Take a look at Proxmox SDN features: https://pve.proxmox.com/pve-docs/chapter-pvesdn.html (some of it is still in beta, I think).

I think it comes pretty close - close enough for probably most but the very largest of users, who, I think, should probably have tried to become hyperscalers themselves, instead of betting the farm and all the land around it on VMware (by Broadcom).

the thing it is mainly missing is multi-tenancy self service. (ipam integration seems very nice though).

NSX allows you to create seperate clusters which hosts VM's which run the routing and firewalling functionality.

NSX-T and what hyperscalers do is essentially orchestration of things that already exist anyway. The load balancing in NSX is mostly just some openresty and Lua which as been around for quite a while. Classic Q-in-Q and bridging also does practically all of the classic L2 & L3 networking that tends to be touted as 'new', while you could even do that fully orchestrated when Puppet was the hot new thing back in the day.
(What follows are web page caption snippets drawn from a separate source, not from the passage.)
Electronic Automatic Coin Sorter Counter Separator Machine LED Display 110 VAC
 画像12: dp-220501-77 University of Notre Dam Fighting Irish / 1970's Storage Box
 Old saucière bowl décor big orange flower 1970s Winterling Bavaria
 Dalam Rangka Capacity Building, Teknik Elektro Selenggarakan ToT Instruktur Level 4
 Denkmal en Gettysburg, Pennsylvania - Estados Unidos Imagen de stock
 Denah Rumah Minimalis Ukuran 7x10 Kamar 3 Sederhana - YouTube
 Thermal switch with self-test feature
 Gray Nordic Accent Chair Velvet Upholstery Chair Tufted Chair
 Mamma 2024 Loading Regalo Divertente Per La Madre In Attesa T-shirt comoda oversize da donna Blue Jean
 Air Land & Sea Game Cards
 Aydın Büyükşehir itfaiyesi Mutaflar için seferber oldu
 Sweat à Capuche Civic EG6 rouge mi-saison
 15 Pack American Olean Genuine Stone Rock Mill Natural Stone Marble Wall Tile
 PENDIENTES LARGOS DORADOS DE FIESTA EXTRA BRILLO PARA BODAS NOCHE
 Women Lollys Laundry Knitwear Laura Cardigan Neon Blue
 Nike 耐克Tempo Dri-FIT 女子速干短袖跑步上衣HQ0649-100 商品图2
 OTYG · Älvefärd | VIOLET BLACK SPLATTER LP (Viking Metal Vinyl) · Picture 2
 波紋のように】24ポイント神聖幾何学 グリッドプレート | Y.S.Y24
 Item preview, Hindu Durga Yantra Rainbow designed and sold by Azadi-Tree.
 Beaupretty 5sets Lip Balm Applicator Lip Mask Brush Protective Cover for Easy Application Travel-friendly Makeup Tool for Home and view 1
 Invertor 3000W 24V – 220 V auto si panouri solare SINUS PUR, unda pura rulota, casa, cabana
Some things (that were created before NSX) may have come from internet exchanges and hyperscalers, like openflow, P4, and FRR, but were really not missing parts that were required to do software defined networking. If anything, the only thing you really needed for SDN was Linux, and the only real distinction between SDN and non-SDN was hardwired ASICs in the network fabric (well, not hard-hardwired, but with limited programmability or 'secret' APIs).